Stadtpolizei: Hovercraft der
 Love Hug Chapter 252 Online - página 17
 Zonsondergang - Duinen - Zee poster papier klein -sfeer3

● WHAT NEEDS TO BE DONE: Restate the listing in full, preserving every word.

● WRITTEN REPLY:
Stadtpolizei: Hovercraft der
 Love Hug Chapter 252 Online - página 17
 Zonsondergang - Duinen - Zee poster papier klein -sfeer3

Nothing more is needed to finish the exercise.